A task to clean up a lance dataset, removing files that are no longer needed.

Currently we try and be rather conservative about what we delete.

The following types of files may be deleted by the cleanup function:

  • Old manifest files - If a manifest file is older than the threshold and is not the latest manifest then it will be deleted.
  • Unreferenced data files - If a data file is not referenced by any fragment in a valid manifest file then it will be deleted.
  • Unreferenced delete files - If a delete file is not referenced by any fragment in a valid manifest file then it will be deleted.
  • Unreferenced index files - If an index file is not referenced by any valid manifest file then it will be deleted.

It is also difficult to distinguish between a data/tx/idx file which was leftover from an abandoned transaction and a data file which is part of an ongoing operation (both will look like unreferenced data files).

If the file is referenced by at least one manifest (even if that manifest is old and being deleted) then we assume it is not part of an ongoing operation and can be safely deleted.

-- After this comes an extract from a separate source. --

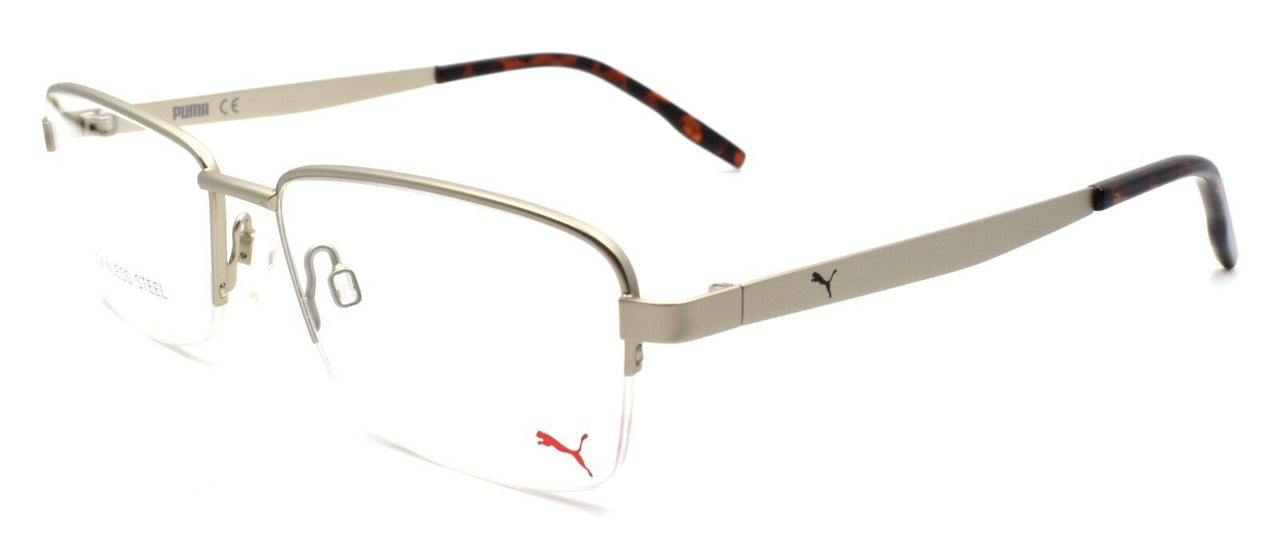 PUMA PE0144O 004 Men's Eyeglasses Frames Half-Rim 53-16-140 Silver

If the data is not referenced by any manifest then we look at the age of the file. If the file is at least 7 days old then we assume it is probably not part of any ongoing operation and we will delete it.

Otherwise we will leave the file unless delete_unverified is set to true. (which should only be done if the caller can guarantee there are no updates happening at the same time)

Structs§

CleanupPolicy
CleanupPolicyBuilder
RemovalStats

Functions§

auto_cleanup_hook
If the dataset config has lance.auto_cleanup parameters set, this function automatically calls dataset.cleanup_old_versions every lance.auto_cleanup.interval versions. This function calls dataset.cleanup_old_versions with lance.auto_cleanup.older_than for older_than and Some(false) for both delete_unverified and error_if_tagged_old_versions.
build_cleanup_policy
cleanup_cascade_branch
This is trigger when a parent branch is cleaning and clean_referenced_branches is set as true For cascade branches, some cleanup parameters need be overridden.
cleanup_old_versions
Deletes old versions of a dataset, removing files that are no longer needed.